*Exercise requirements*. Leave out all pictures and retype exactly the lines from the one with "Snapshot of sashy_way" through the last line of the material.

*Data section*.

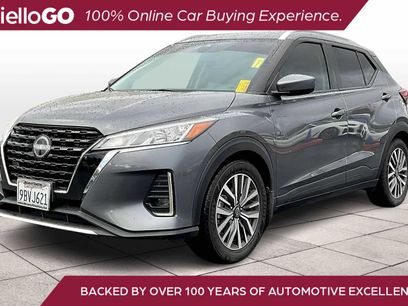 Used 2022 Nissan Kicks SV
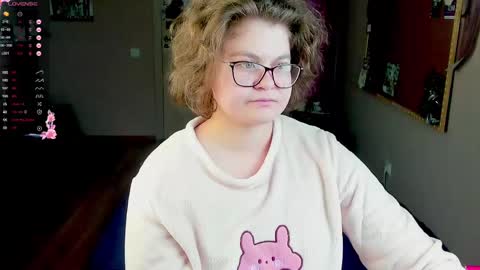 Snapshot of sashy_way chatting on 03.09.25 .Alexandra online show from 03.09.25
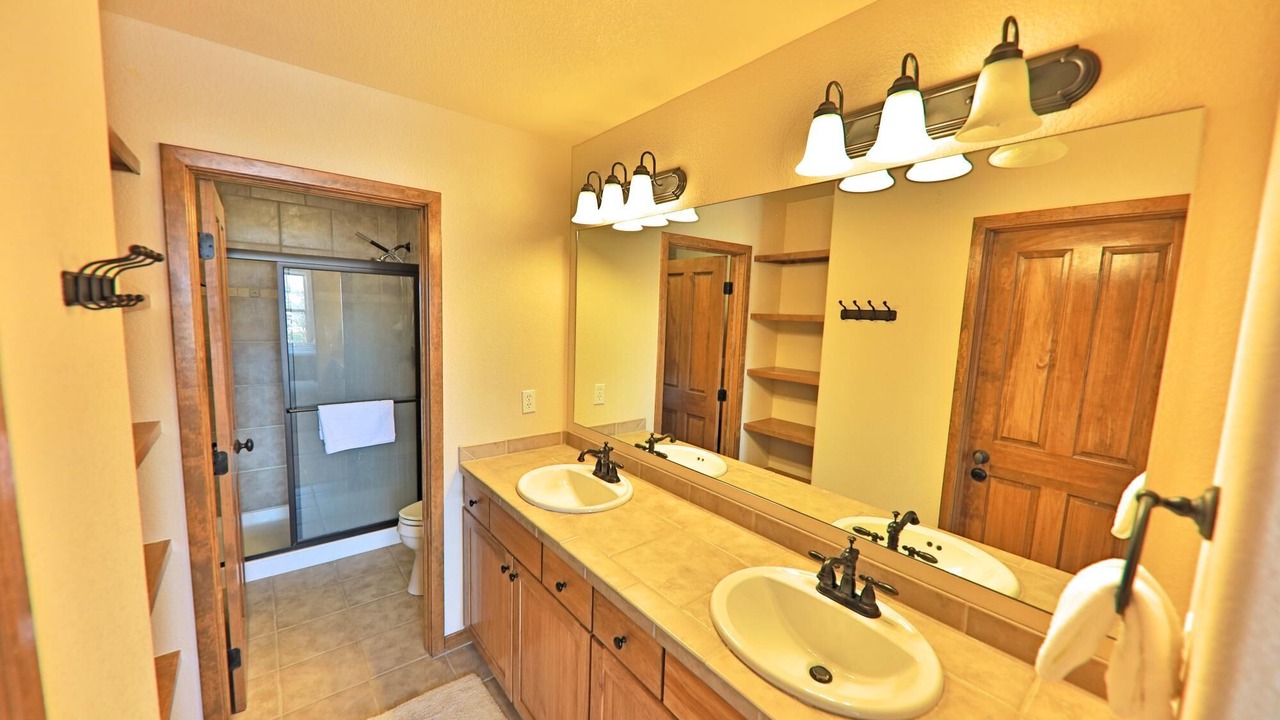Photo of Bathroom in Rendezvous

*Response to the task*.
 Snapshot of sashy_way chatting on 03.09.25 .Alexandra online show from 03.09.25
Photo of Bathroom in Rendezvous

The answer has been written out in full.